## [WHAT YOU NEED TO DO]
I need the lines below from the one with "5) Li Id : 120 - Kitchen .JPG" down to the one with "225 King Street Property Photo 17" reproduced exactly, both ends included, and nothing else.

Data excerpts:

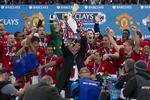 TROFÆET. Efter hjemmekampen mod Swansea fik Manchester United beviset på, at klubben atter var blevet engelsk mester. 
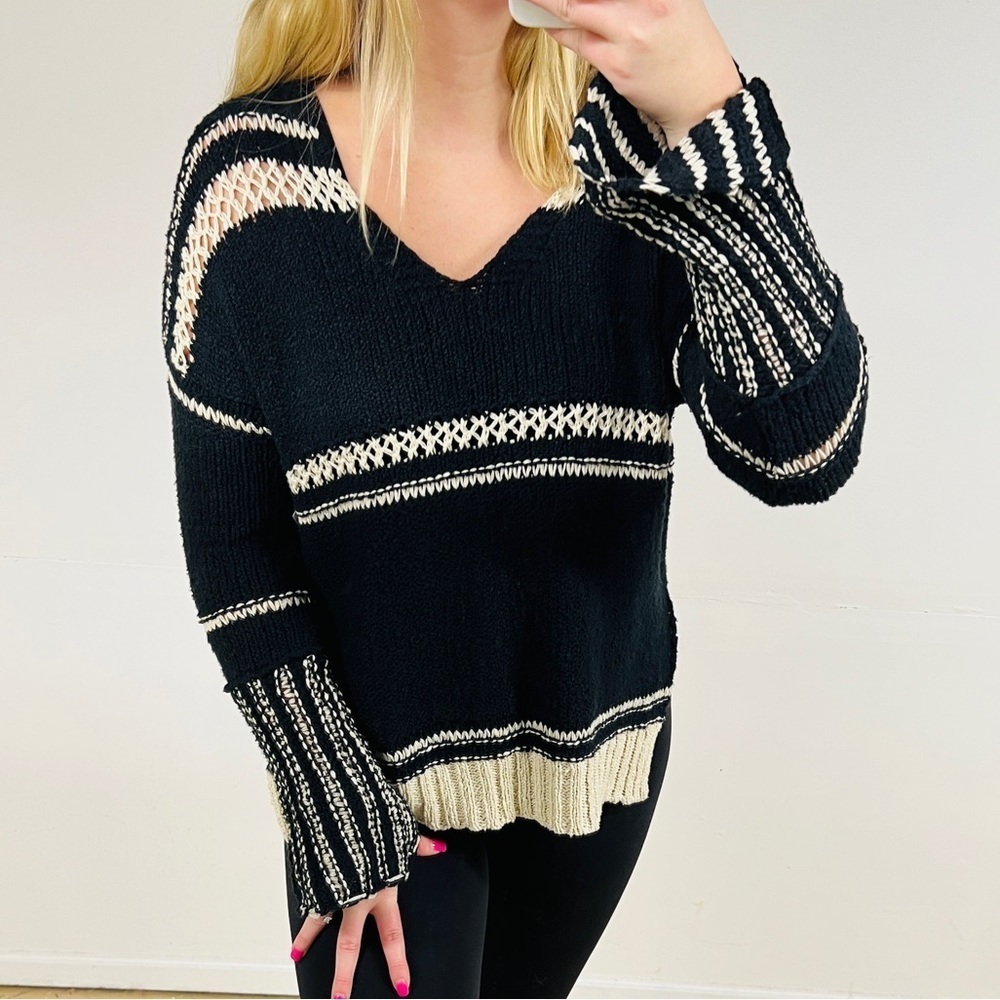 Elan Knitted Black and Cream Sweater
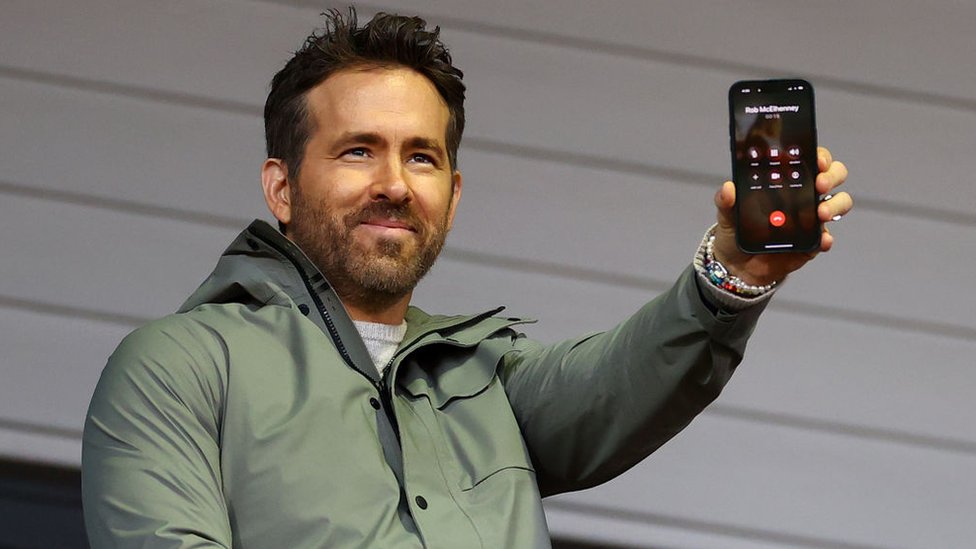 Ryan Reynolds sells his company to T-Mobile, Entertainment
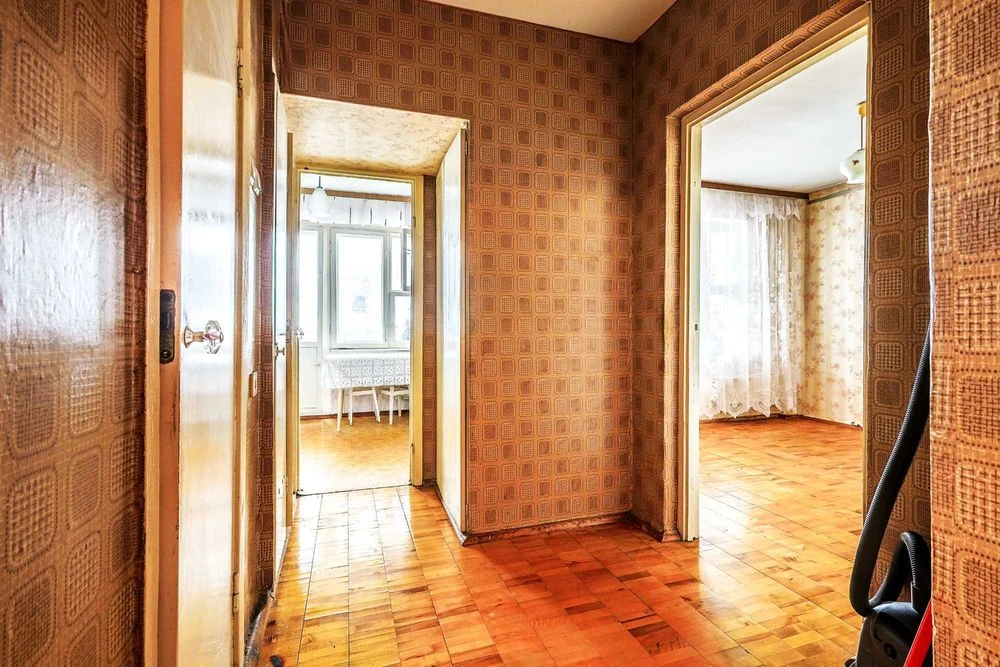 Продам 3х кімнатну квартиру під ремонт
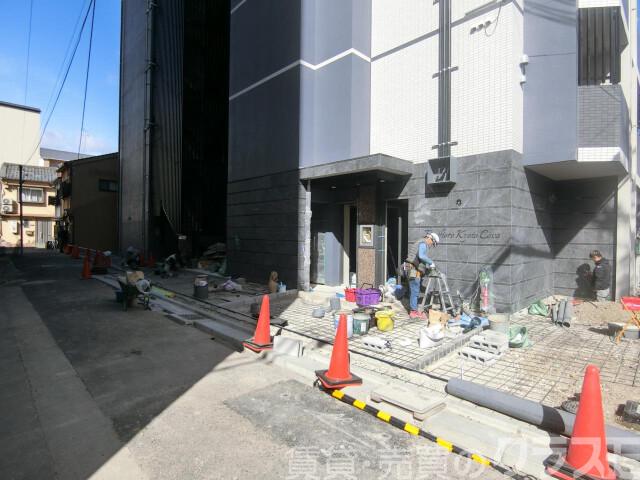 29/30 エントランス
--
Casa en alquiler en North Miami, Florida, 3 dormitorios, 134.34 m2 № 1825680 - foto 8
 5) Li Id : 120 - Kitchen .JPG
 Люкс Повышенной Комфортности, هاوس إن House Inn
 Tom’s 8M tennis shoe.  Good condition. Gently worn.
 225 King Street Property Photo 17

## [RESULT]
 5) Li Id : 120 - Kitchen .JPG
 Люкс Повышенной Комфортности, هاوس إن House Inn
 Tom’s 8M tennis shoe.  Good condition. Gently worn.
 225 King Street Property Photo 17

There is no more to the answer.